13

I would like to get rolling average for each of the numeric variables that I have. Using data.table package, I know how to compute for a single variable. But how should I revise the code so it can process multiple variables at a time rather than revising the variable name and repeat this procedure for several times?

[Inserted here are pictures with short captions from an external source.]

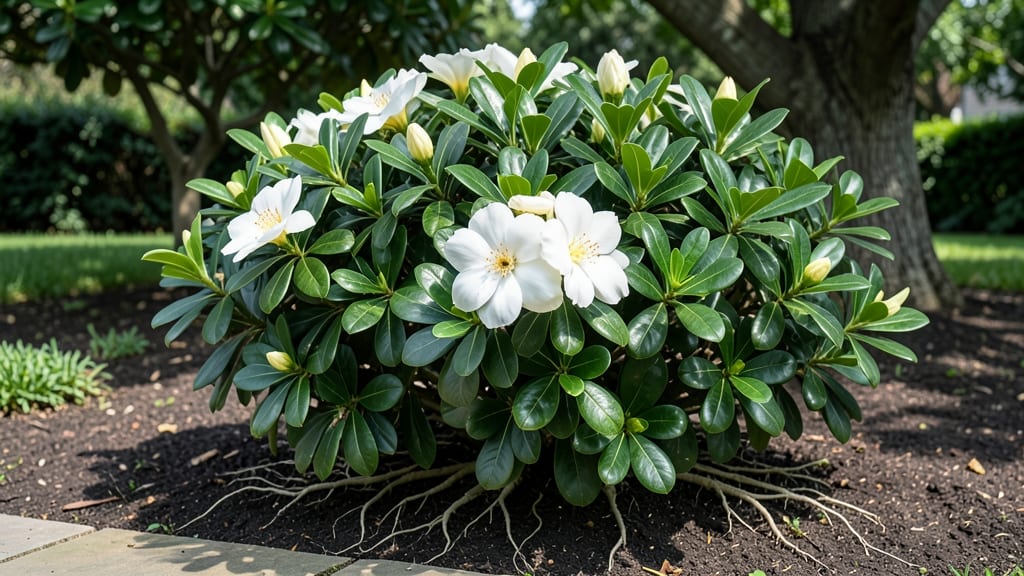 Jubilation Gardenia Growth Rate: How Fast They Bloom (With Exact Months)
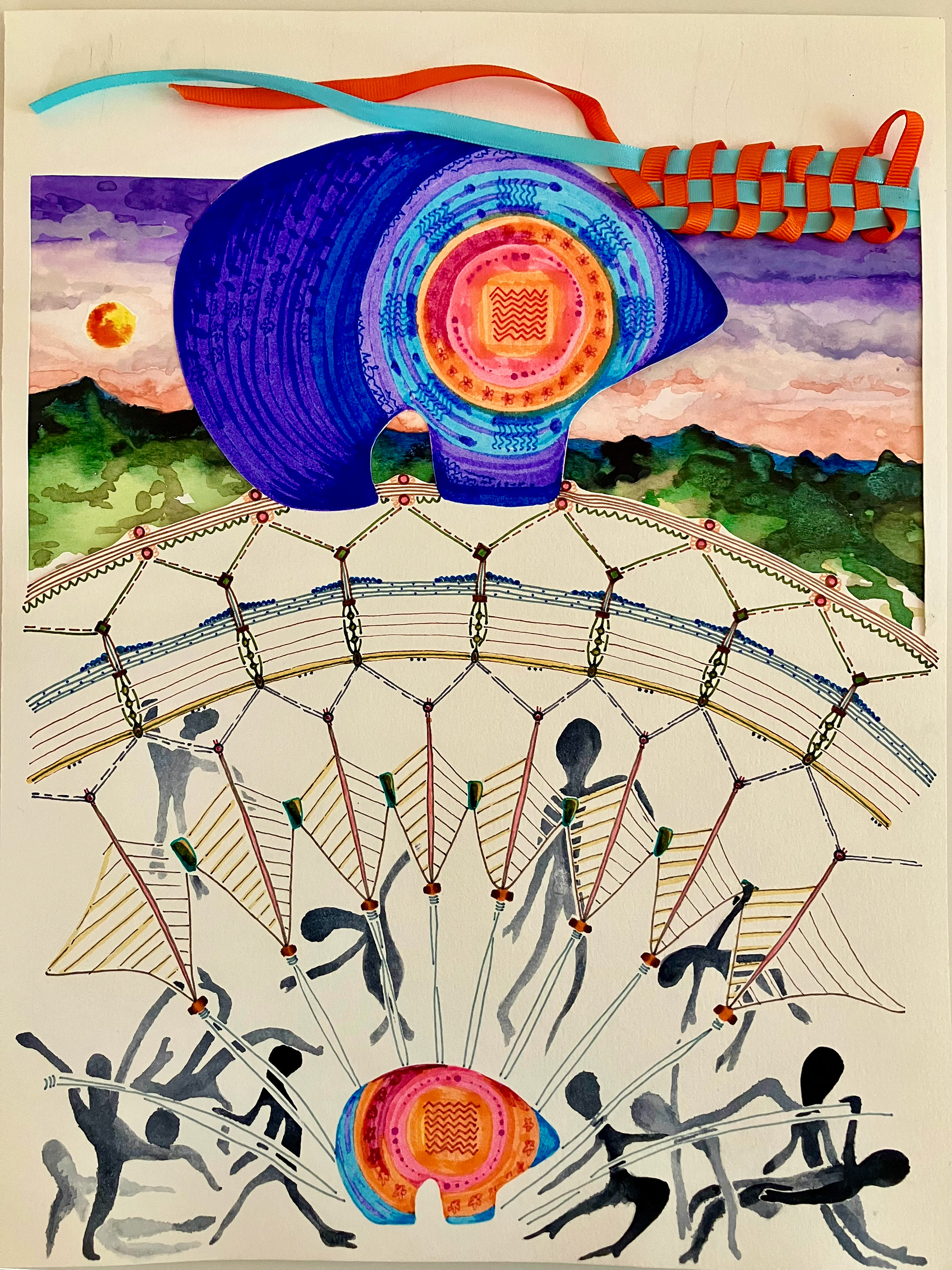 Dillon's Dreamcatcher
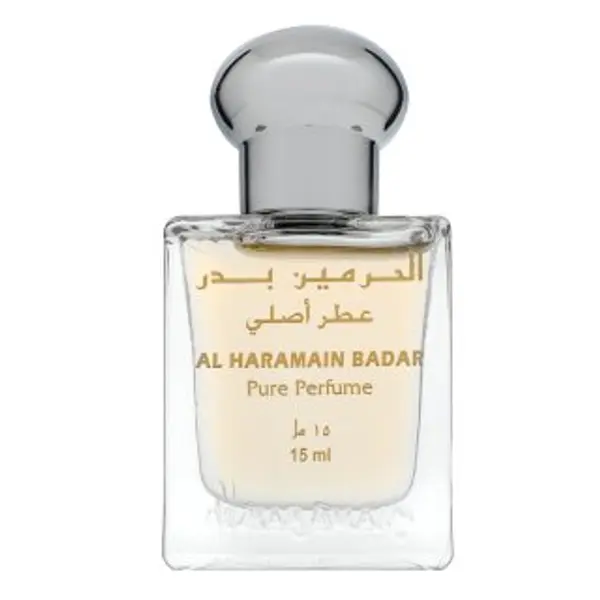 Al Haramain Al Haramain Badar Parfumirano ulje unisex 15 ml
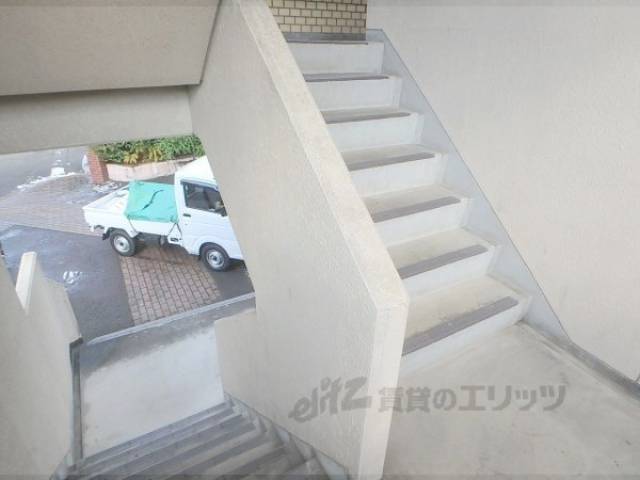 階段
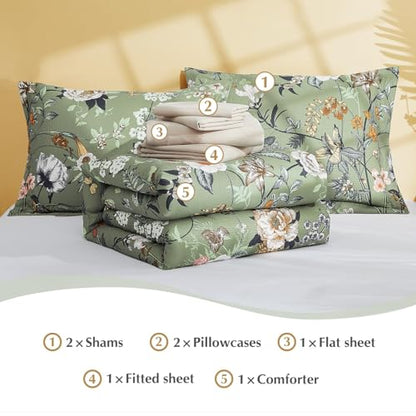 Full Size Comforter Sets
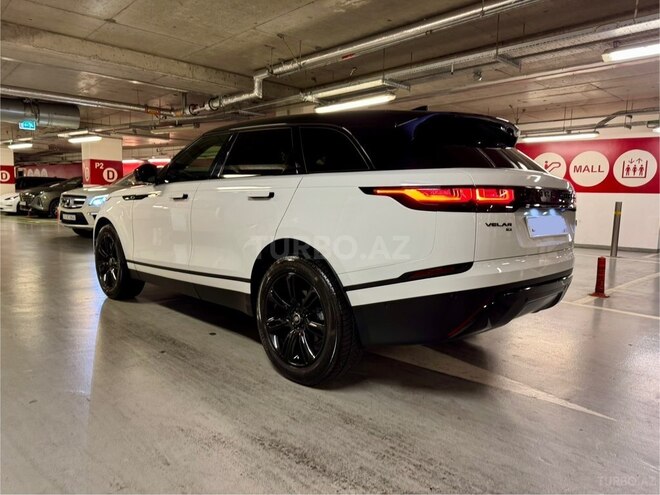 Land Rover RR Velar 2021, 77,500 km - 2.0 л - Bakı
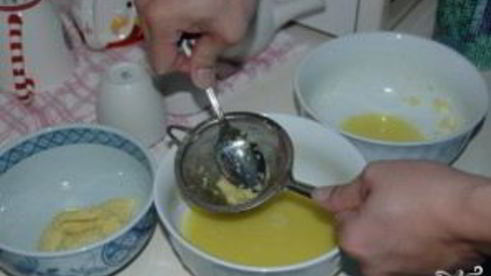 имбирный чай для повышения иммунитета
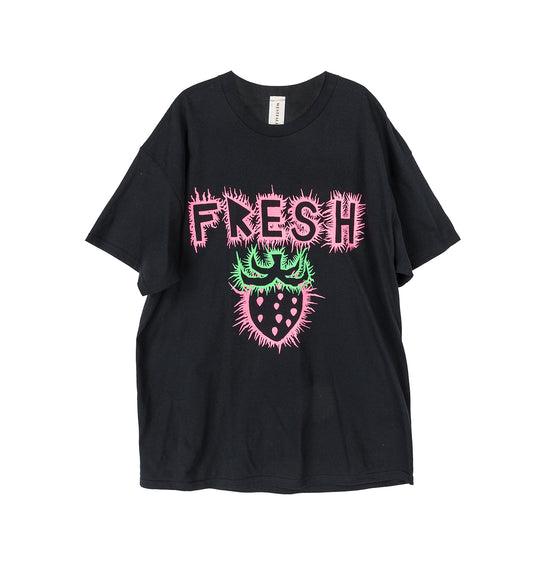 Mi　　WESTFALL FRESH T-SHIRT WESTFALL: Fresh T-Shirt Ss (D Pink) | DSMG E-SHOP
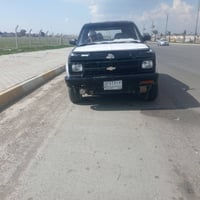 شيفروليه • موديل 92 • باسمي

Thanks.

Suppose I have other numeric variables named as "V2", "V3", and "V4".

require(data.table)
setDT(data)
setkey(data,Receptor,date)
data[ , `:=` ('RollConc' = rollmean(AvgConc, 48, align="left", na.pad=TRUE)) , by=Receptor]

A copy of my sample data can be found at: https://drive.google.com/file/d/0B86_a8ltyoL3OE9KTUstYmRRbFk/view?usp=sharing

I would like to get 5-hour rolling means for "AvgConc","TotDep","DryDep", and "WetDep" by each receptor.

Vicki1227
  • 151
  • 1
  • 3
  • 10

2 Answers2

20

From your description you want something like this, which is similar to one example that can be found in one of the data.table vignettes:

library(data.table)
set.seed(42)
DT <- data.table(x = rnorm(10), y = rlnorm(10), z = runif(10), g = c("a", "b"), key = "g")
library(zoo)
DT[, paste0("ravg_", c("x", "y")) := lapply(.SD, rollmean, k = 3, na.pad = TRUE), 
   by = g, .SDcols = c("x", "y")]
Josh O'Brien
  • 159,210
  • 26
  • 366
  • 455
Roland
  • 127,288
  • 10
  • 191
  • 288
  • A further question... I see the code computed my data but results are not saved as variables... How can I save those rolling averages into a new dataframe as variables? – Vicki1227 Jul 17 '15 at 18:56
  • I don't understand. They are saved as columns of the data.table. Why do you want them in a different data.table? If you must, you can always subset the data.table. – Roland Jul 17 '15 at 18:58
  • can be improved in future once [data.table#626](https://github.com/Rdatatable/data.table/issues/626) will be implemented – jangorecki Jul 17 '15 at 19:23
  • Is there anyway to add a numeric variable "Event" to mark each rolling mean calculation for each receptor? For example, for Receptor 1, the first rolling mean will be marked as Event[1], and the last rolling mean calculated will be Event[n]? And for Receptor 2, similarly, the rolling means will also be marked as Event j in 1 to length[rollingmean] – Vicki1227 Jul 17 '15 at 20:52
13

Now, one can use the frollmean function in the data.table package for this.

library(data.table)    
xy <- c("x", "y")
DT[, (xy):= lapply(.SD, frollmean, n = 3, fill = NA, align="center"), 
                                   by = g, .SDcols =  xy]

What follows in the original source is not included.